Greg Henson, Melissa Lewis and Shynika Jakes are at very different places in their lives, but they are all pushing their way through night school in Indianapolis, which has one of the highest rates of high school dropouts in the country. Greg is a single father of an unforgettable toddler who gave up on school to make money selling drugs, something his brother still extols the virtues of doing instead of a diploma that doesn’t provide immediate compensation. Greg has reached a point when he knows he needs to provide for his baby girl, and he repeatedly says how he wants a career, and not just a job. He’s undeniably charismatic and smart, but his criminal past and lack of a diploma stop him from being able to show that. Melissa has a totally different story. She basically just doesn’t want to be alone and thinks a diploma will give her more life opportunities. She’s sweet and gentle, the kind of person that’s easy to root for and too easily undervalued by the world around her. And then there’s Shynika, an Arby’s employee who happens into a labor movement (“The Fight For $15”) as she’s trying to get her diploma. One person is breaking down the hurdles in his place, one is reaching out of her insecure shell, and one is learning to use her own voice for change.

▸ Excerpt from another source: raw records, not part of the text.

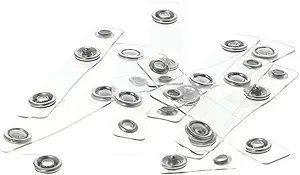 Photo 1 of 10 Pcs ID Badge Holder Straps, Clear Badge Strap with Snap and Eyelet Badge Clips, for Card Holder, Key Rings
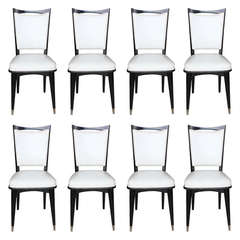 Set of Eight French Art Deco Black Ebony Dining Chairs, circa 1940s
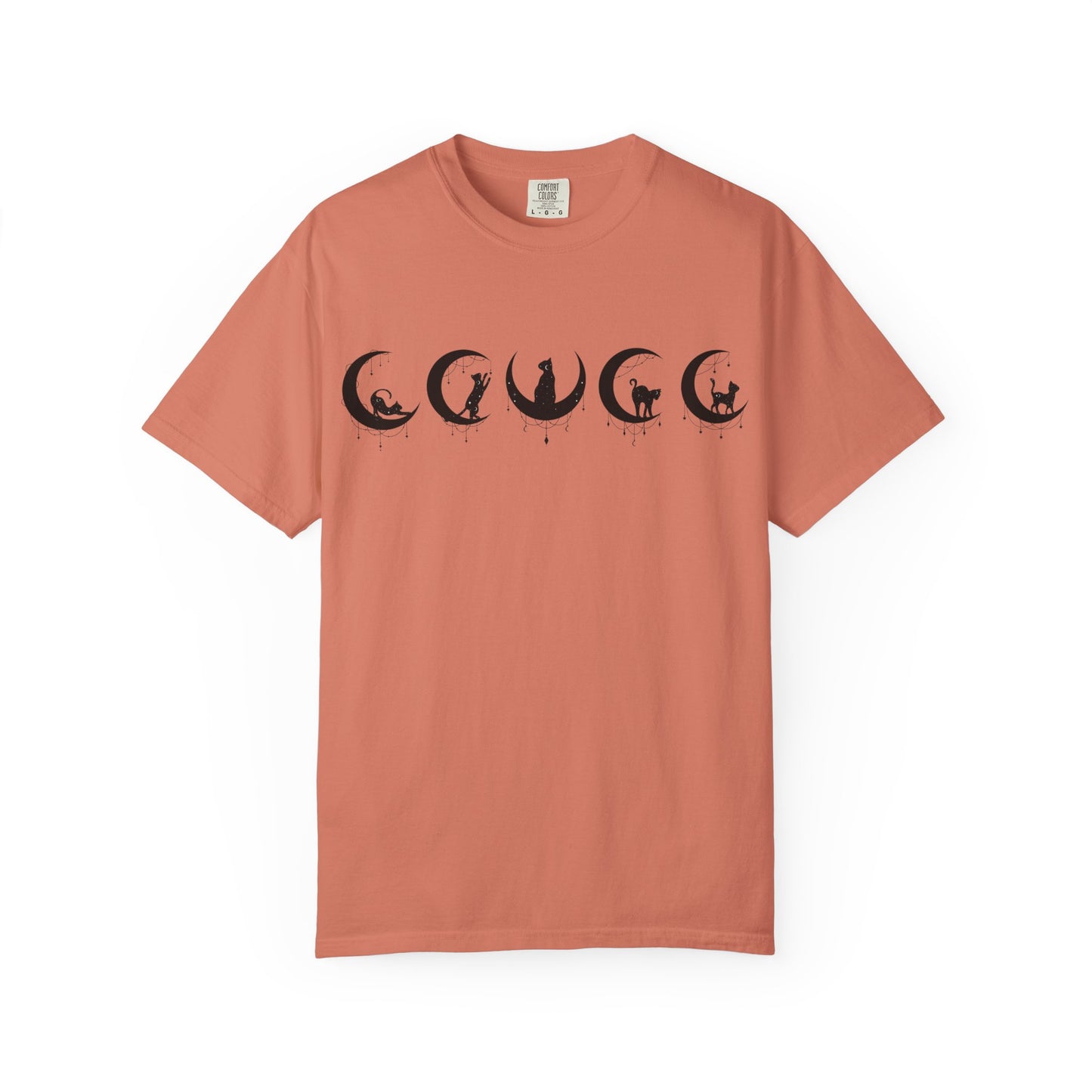 Celestial Cat T-Shirt, Unisex Tee, Bohemian Style, Gift for Cat Lovers, Casual Wear, Moon Phases Design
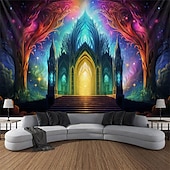 billige Blacklight -billedvev-blacklight gobelin uv reaktiv glød i mørket glød party neon trippy misty fantasy palace hengende billedvev veggkunst veggmaleri for stue soverom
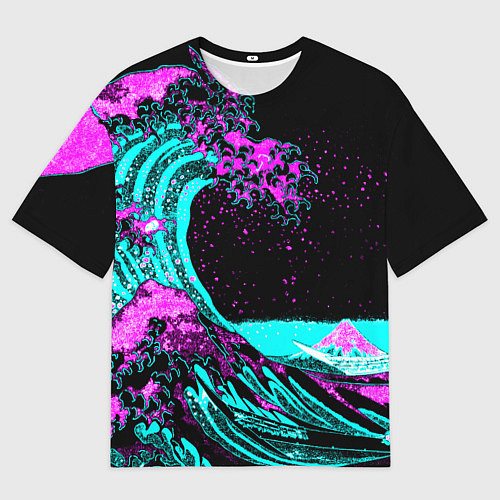 Мужская футболка оверсайз НЕОНОВАЯ ЯПОНИЯ, ВОЛНА, ФУДЗИЯМА NEON JAPAN / 3D-принт – фото 1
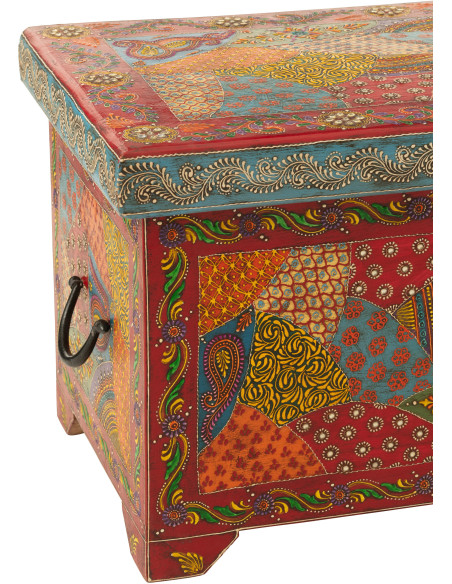 Grand Coffre de rangement indien 63 cm Bois de manguier Multicolore Delhi 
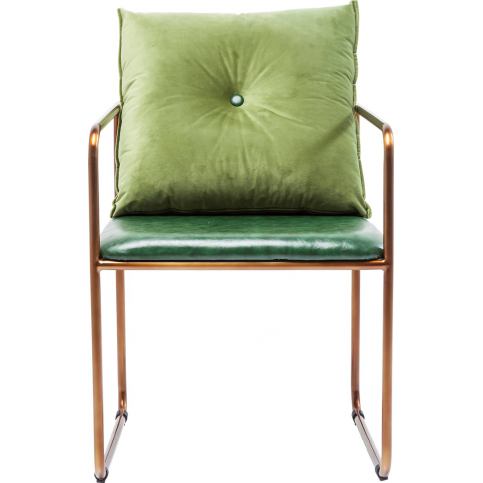 Židle s loketní opěrkou Theo - zelená - KARE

Cohn is smart to let the stories of Greg, Melissa, and Shynika play out without much interference or over-production on the part of the filmmakers. There is the occasional credit to indicate a passage of time, but little else—no narration and only a few interviews to camera with people besides the leading trio (although I wouldn’t minded more with the teachers who try so hard to help people but can’t do anything for those unwilling to commit). At its best, “Night School” has elements that are downright suspenseful as the test-wary Melissa waits for her results or Greg fights to get a warrant cleared so his record will be expunged.
It’s a strength of the filmmaking that Cohn allows these stories to be fleshed out beyond the school experience. The film is about not just the pressure of school but the world around these people, whether it be a grueling job, a time-consuming kid, or even a tragedy. The fact that Greg makes it through anything given the year he had while Cohn was filming him is remarkable. You think trying to study is hard in high school—imagine doing it while worried about the health of a loved one. And Cohn wisely follows Shynika into the story of the Fight for $15, realizing that it is as essential to her arc as her education, and arguably gives her the confidence she needed to get her diploma.
There’s an art to listening to people that not all documentarians have. Many feel the need to impose their filmmaking prowess on true stories instead of realizing that it is the presentation of them and the cinematic listening to often unheard voices that will have the greatest impact. “Night School” avoids so many pitfalls of the standard social issue doc just by staying true to this idea. Just listen to Greg, Melissa, and Shynika, and you’ll learn something special.